While I do pay attention to what people say—I know I can learn a lot from thoughtful critique—I go ahead and write what I want to. My husband is good at catching errors I skim right over. He has edited MBA theses and research papers. That’s a big help, and he does a good job, but he doesn’t like my characters.
The Fussy Librarian
He claims the protagonist in my series, Jesse Damon, is a wimp. And he thinks my several forays into werewolf territory are silly. This, mind you, from a man who buys every last zombie book he can get his hands on. Last night he was watching a zombie movie in Dutch, with English subtitles.

But now it comes as no surprise that some people don’t like my work. And of course there are more than a few. I took a class not long ago with a woman who doesn’t see any point in examining the situation of people who live on the edge of society, which most of my character inhabit. She and several others were of the firm opinion that people control their own destiny. All their problems are of their own making and nobody deserves a second chance. As one of my brothers says, there are people who were born on third base and think they hit a triple.

I love getting reviews for my writing.

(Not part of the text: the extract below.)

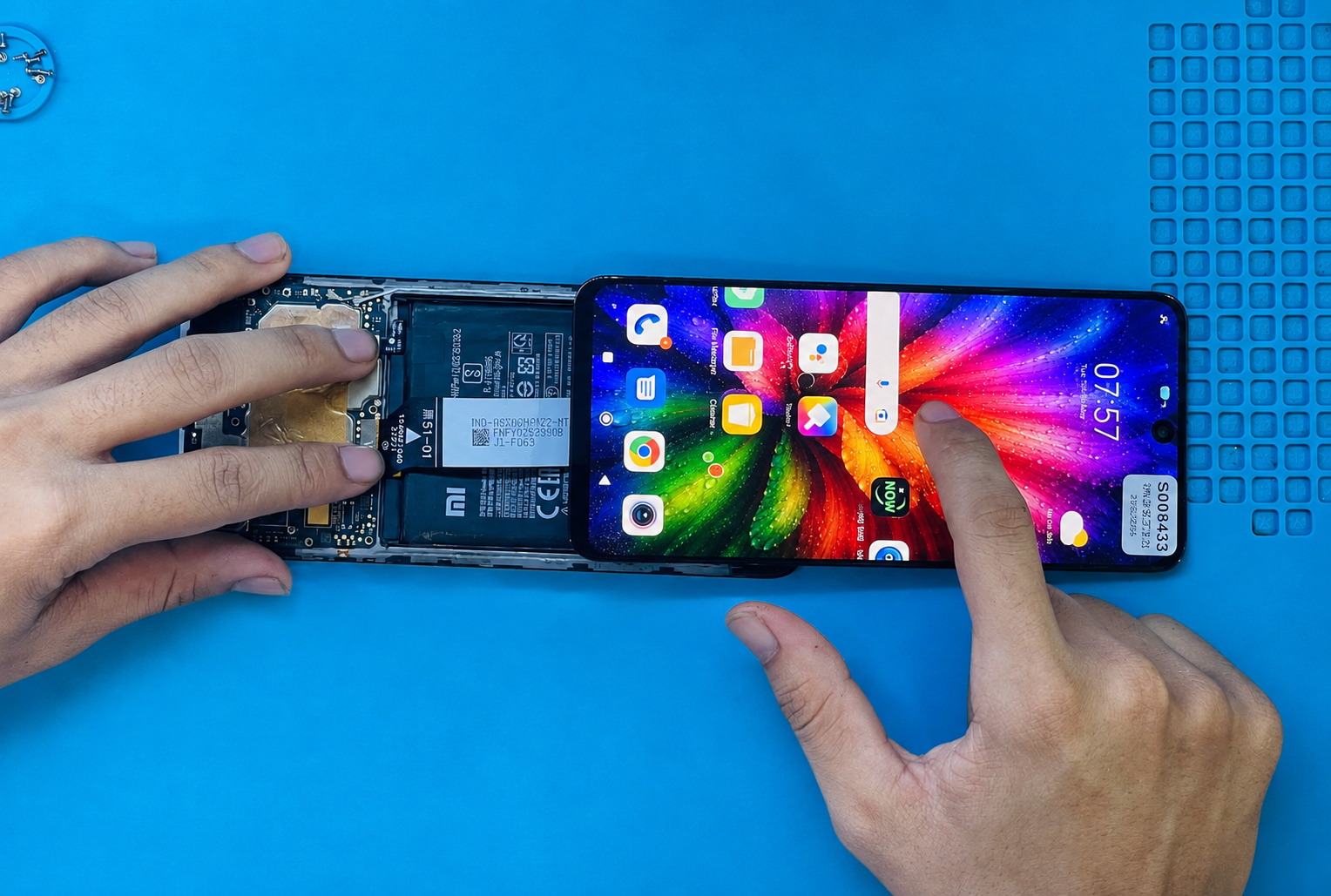 Technician testing a replacement phone display and touch response during repair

Good, bad, indifferent—somebody took the time and effort to do a review! I hope after at least attempting to read the book, although Amazon maintains that it does not require reviewers to have used a product before they review it (in the case of books, that means read them.)

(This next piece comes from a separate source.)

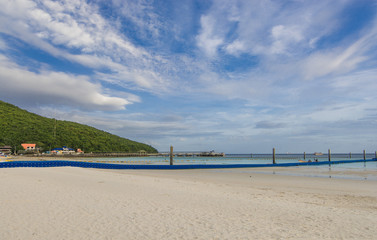 The beach and the sky on a quiet day, clouds floating, panorama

Some of the reviews are puzzling. I got one that says, “I was not captivated. I found the writing slow going and finally just gave up. I couldn’t do it and I normally like historically based books.”

This is a crime novel. I can find nothing that indicates it might be historically based. I'm not surprised the
reviewer didn't like it.

A member of my critique group, who tends to write the kind of horror that keeps people awake at night,
self-published a short story that was accurately described. One reviewer objected to it because it was horror. Go figure.

For those of us who need to do our own promotion, the reviews are important, since many of the promotion sites won’t accept books without a certain number of reviews. The Fussy Librarian wants at least 10. Bookbub, the site with the most impact (and the most outrageously expensive one) declines more than 80% of the requests it receives, and bases a lot of that on reviews.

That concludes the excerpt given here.